ACTION ITEM » Nothing but the lines from the start of the entries below through the line containing "HTLAKIKJ Soporte de" should appear in the answer, copied exactly and free of pictures.

RECORDS TO USE »
Start of Block

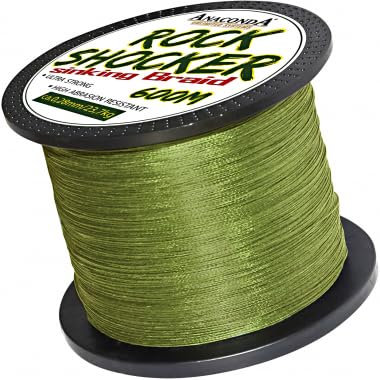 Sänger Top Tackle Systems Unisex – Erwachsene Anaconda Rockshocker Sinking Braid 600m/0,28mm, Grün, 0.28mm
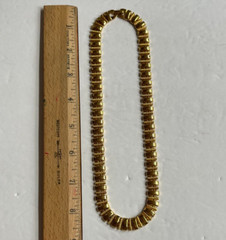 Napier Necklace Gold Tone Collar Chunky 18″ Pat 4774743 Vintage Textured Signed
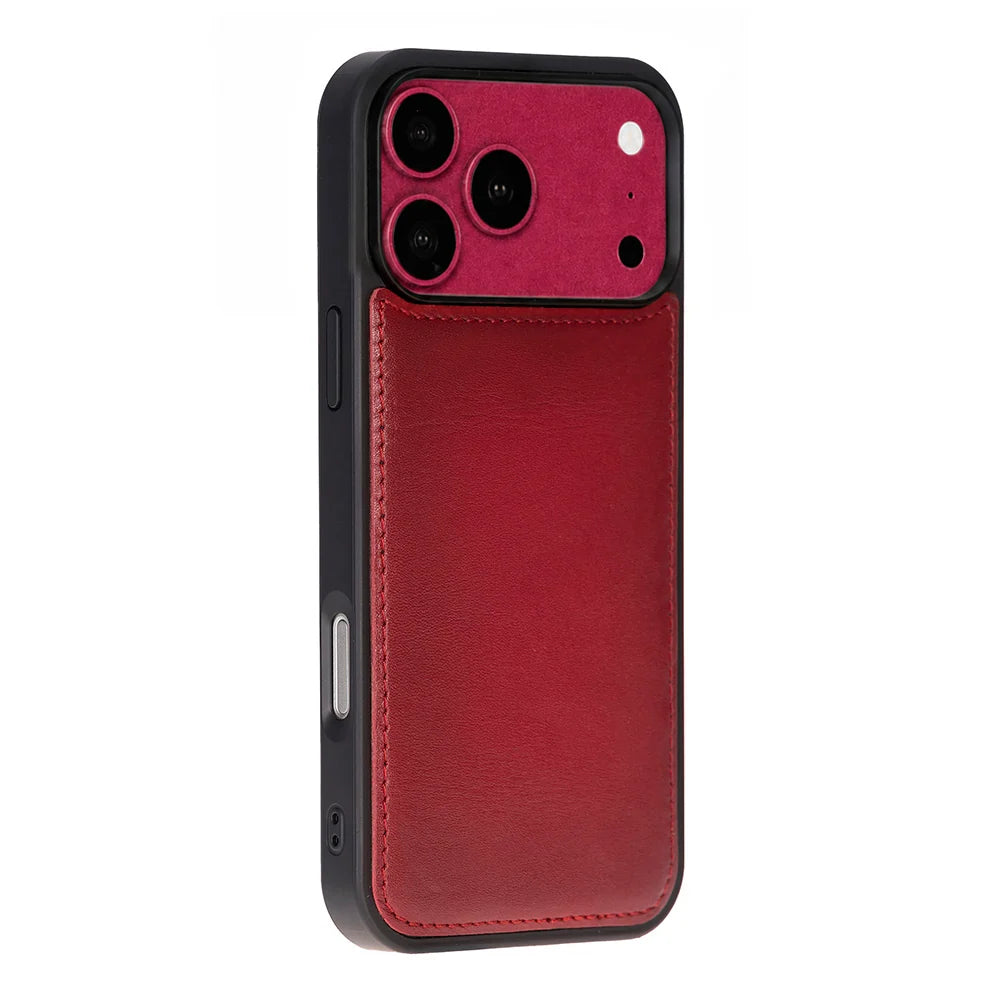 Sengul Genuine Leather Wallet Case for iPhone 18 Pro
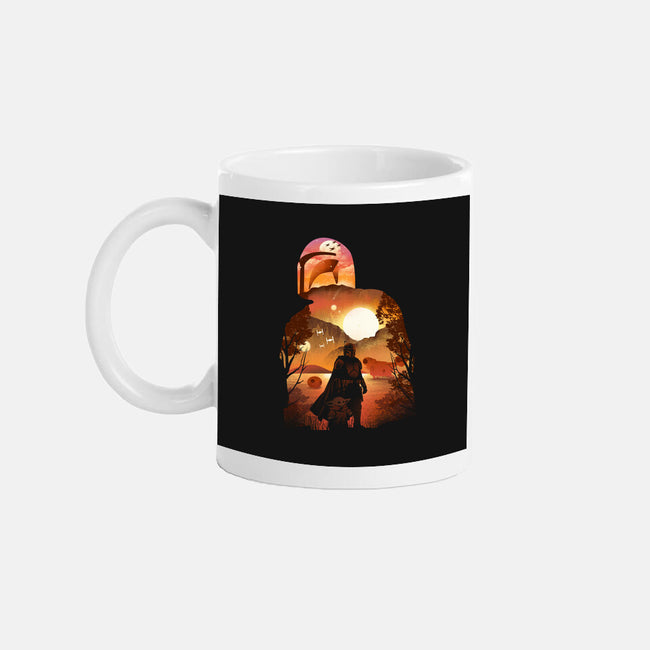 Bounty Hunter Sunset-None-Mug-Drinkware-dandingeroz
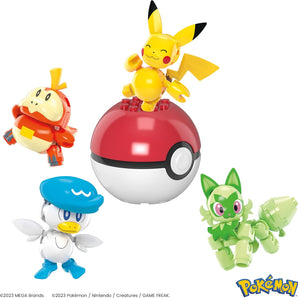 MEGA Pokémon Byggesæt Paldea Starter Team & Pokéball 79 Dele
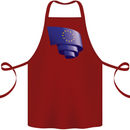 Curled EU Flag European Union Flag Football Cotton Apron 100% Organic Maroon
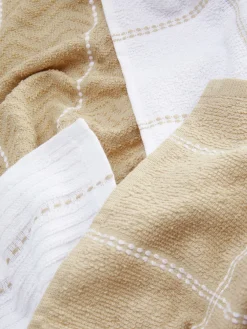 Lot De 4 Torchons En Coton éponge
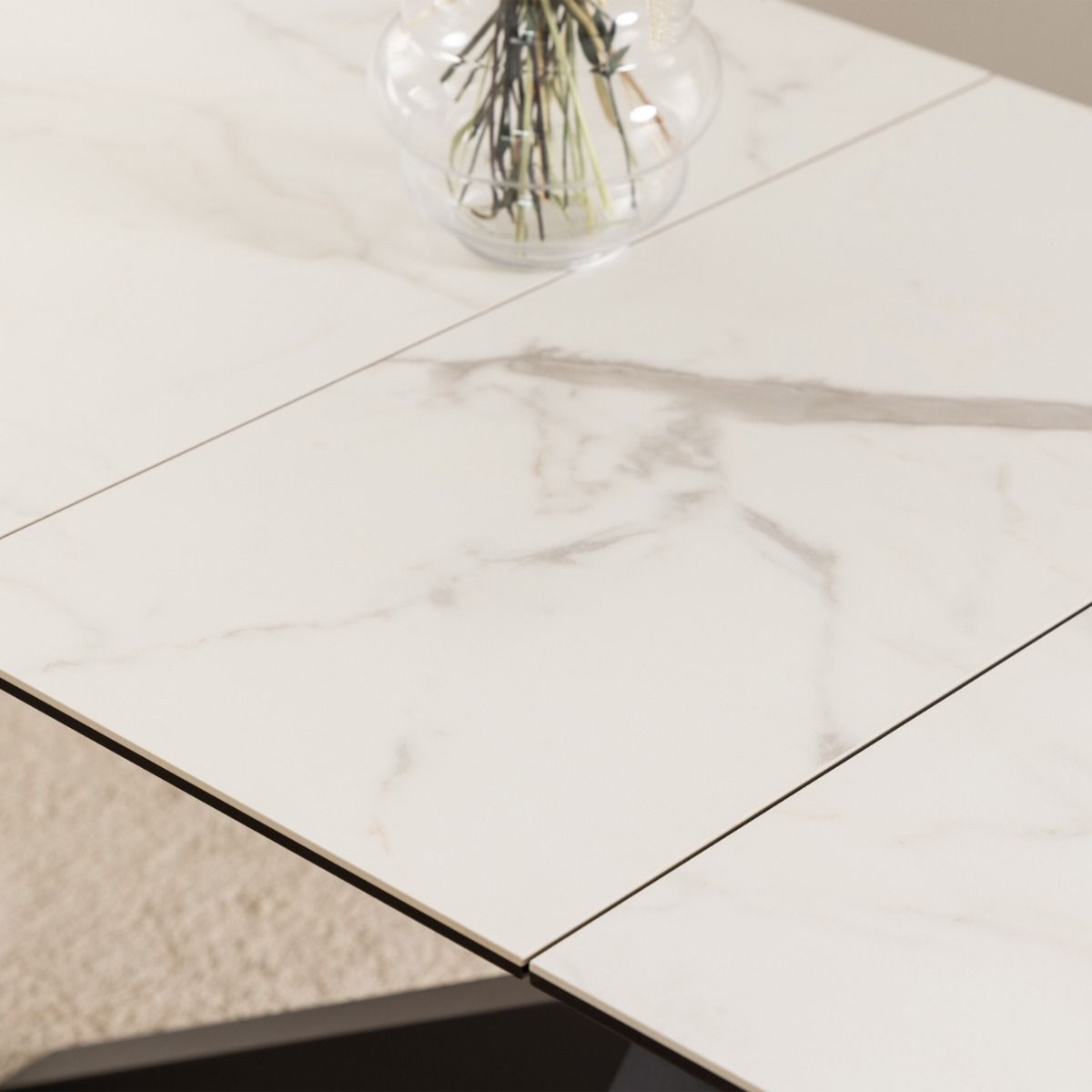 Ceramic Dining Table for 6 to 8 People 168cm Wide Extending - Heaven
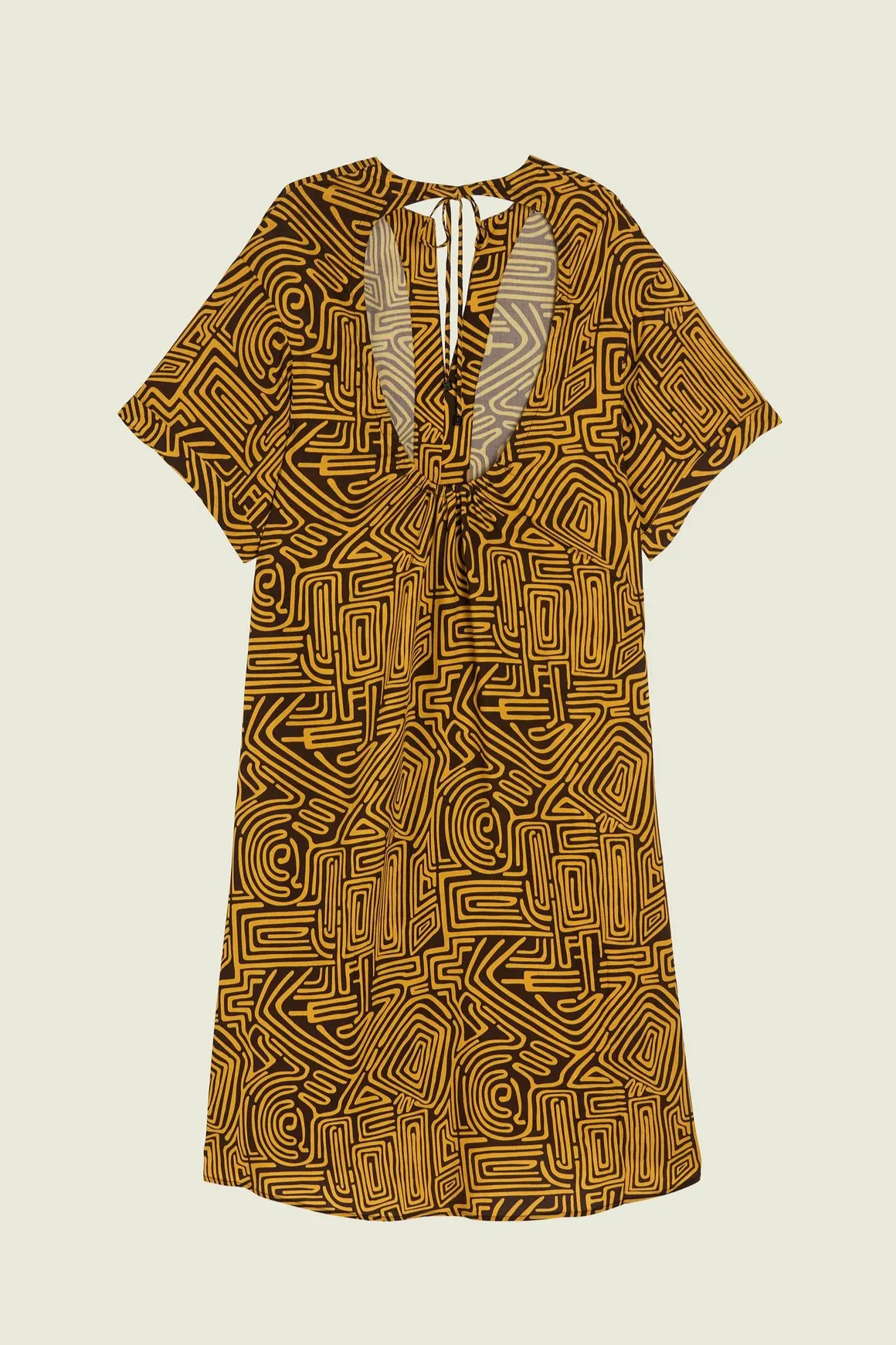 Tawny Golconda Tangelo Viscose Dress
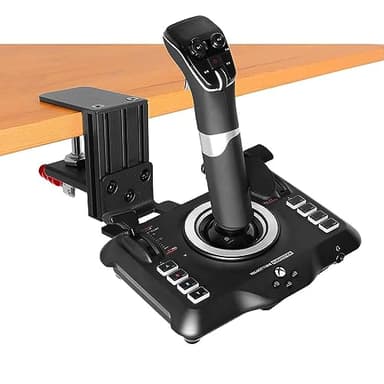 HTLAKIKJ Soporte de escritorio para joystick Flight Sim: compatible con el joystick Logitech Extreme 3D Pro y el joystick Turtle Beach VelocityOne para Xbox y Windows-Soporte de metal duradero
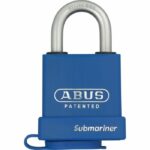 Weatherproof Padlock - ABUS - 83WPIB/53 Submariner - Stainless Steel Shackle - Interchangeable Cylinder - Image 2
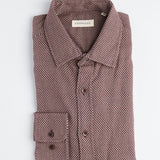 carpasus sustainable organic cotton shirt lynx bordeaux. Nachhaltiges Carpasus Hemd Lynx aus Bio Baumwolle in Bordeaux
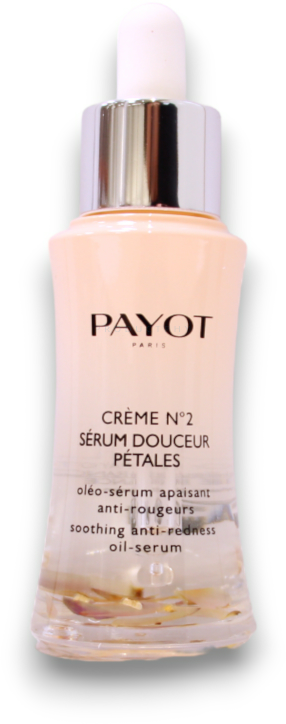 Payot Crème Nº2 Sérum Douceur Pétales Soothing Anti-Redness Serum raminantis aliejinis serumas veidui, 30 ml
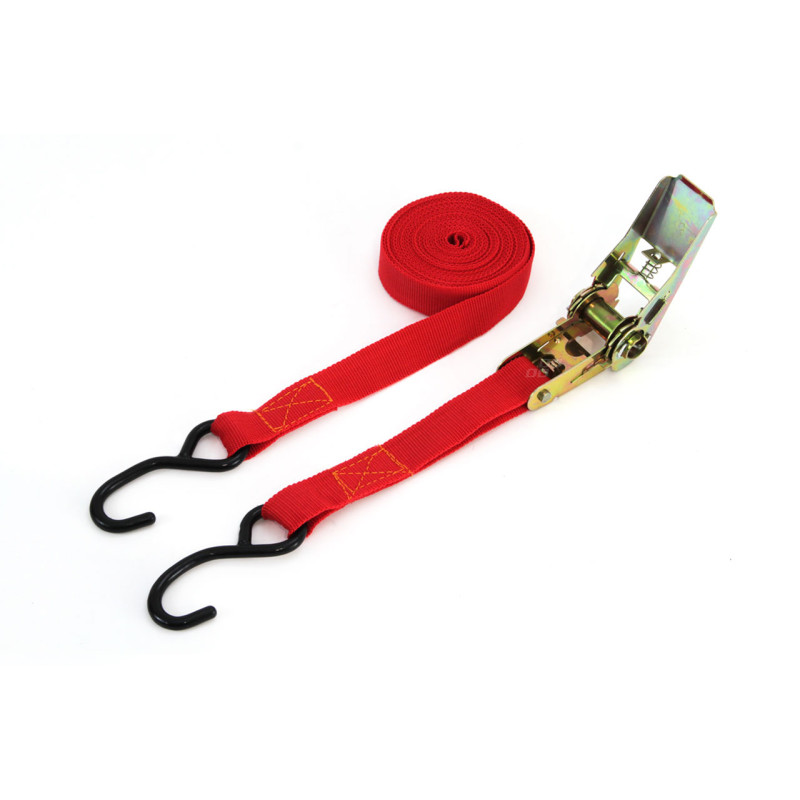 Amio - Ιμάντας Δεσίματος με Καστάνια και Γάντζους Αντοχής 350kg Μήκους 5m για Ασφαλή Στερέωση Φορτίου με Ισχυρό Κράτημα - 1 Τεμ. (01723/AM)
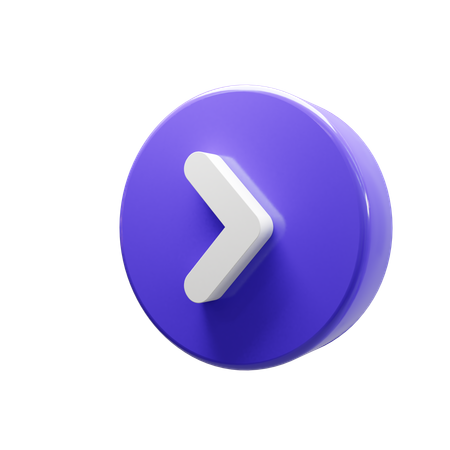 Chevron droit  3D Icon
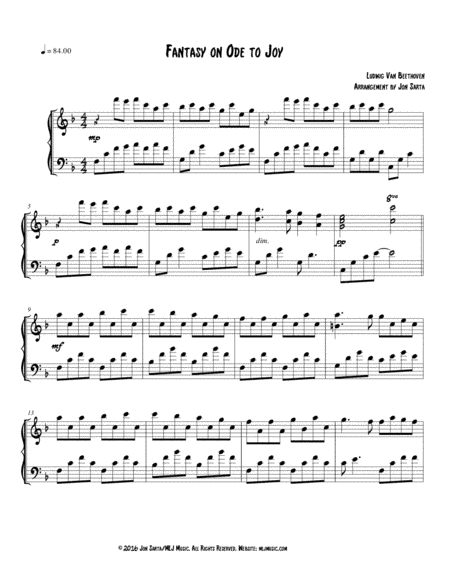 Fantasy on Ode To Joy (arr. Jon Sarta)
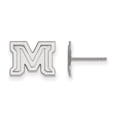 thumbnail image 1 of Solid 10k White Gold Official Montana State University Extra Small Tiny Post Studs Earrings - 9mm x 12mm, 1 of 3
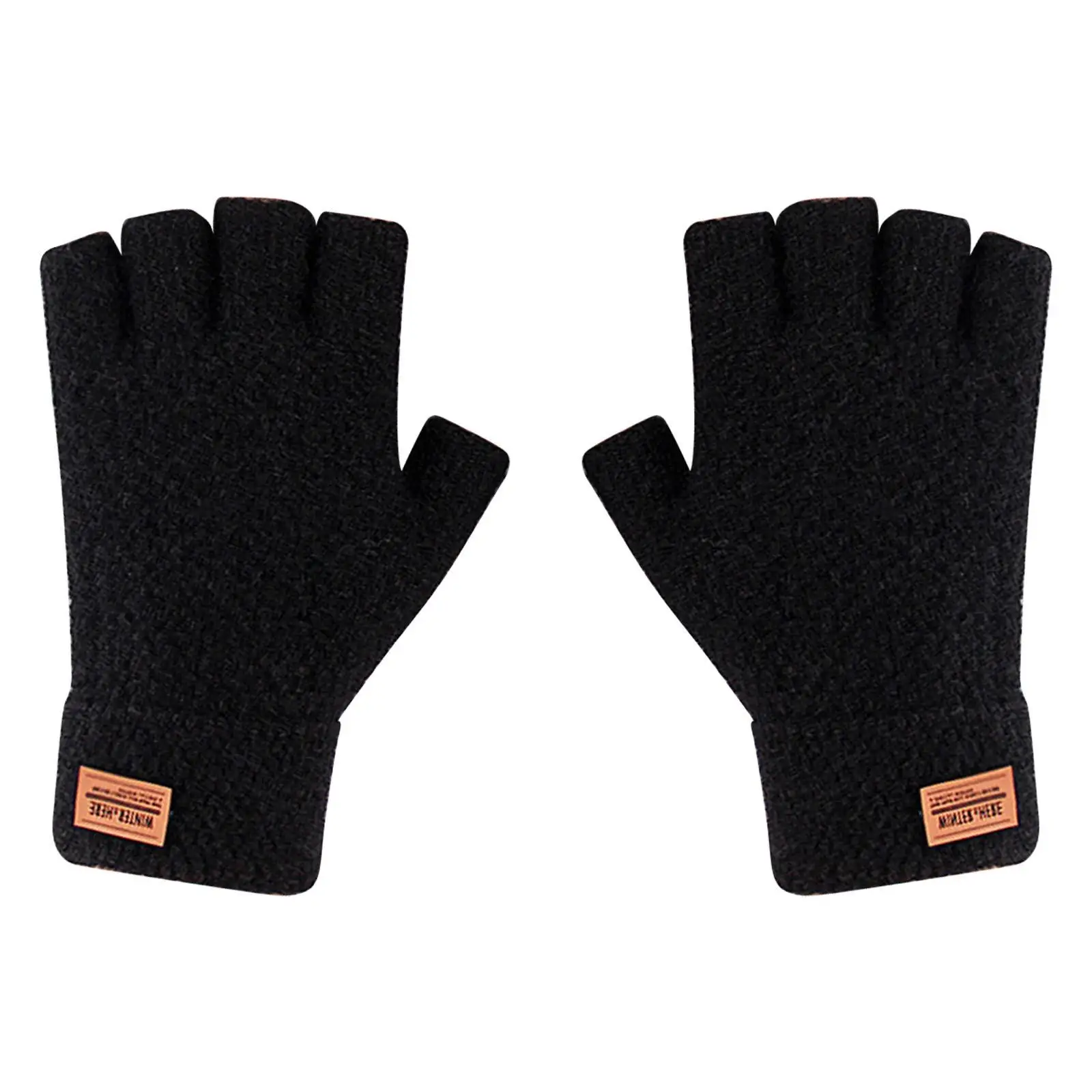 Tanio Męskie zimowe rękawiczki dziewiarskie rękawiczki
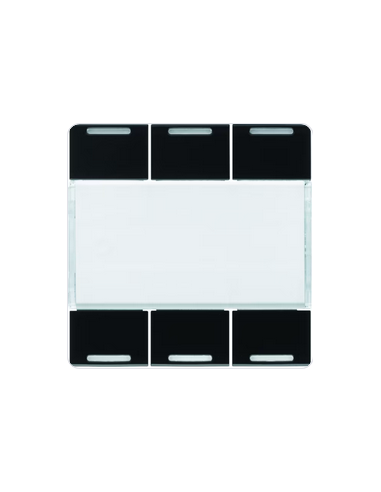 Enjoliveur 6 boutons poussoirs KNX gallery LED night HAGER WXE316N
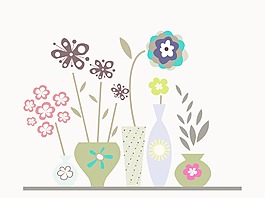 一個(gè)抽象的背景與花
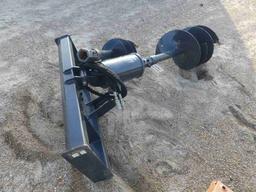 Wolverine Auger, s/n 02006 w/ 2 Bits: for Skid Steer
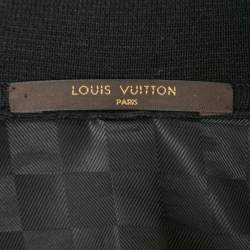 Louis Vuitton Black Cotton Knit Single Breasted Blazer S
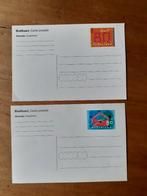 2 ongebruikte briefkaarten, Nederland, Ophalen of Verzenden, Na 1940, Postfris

End of Block

OUTPUT BELOW »
 Sänger Top Tackle Systems Unisex – Erwachsene Anaconda Rockshocker Sinking Braid 600m/0,28mm, Grün, 0.28mm
 Napier Necklace Gold Tone Collar Chunky 18″ Pat 4774743 Vintage Textured Signed
 Sengul Genuine Leather Wallet Case for iPhone 18 Pro
 Bounty Hunter Sunset-None-Mug-Drinkware-dandingeroz
 MEGA Pokémon Byggesæt Paldea Starter Team & Pokéball 79 Dele
 Curled EU Flag European Union Flag Football Cotton Apron 100% Organic Maroon
 Lot De 4 Torchons En Coton éponge
 Ceramic Dining Table for 6 to 8 People 168cm Wide Extending - Heaven
 Tawny Golconda Tangelo Viscose Dress
 HTLAKIKJ Soporte de escritorio para joystick Flight Sim: compatible con el joystick Logitech Extreme 3D Pro y el joystick Turtle Beach VelocityOne para Xbox y Windows-Soporte de metal duradero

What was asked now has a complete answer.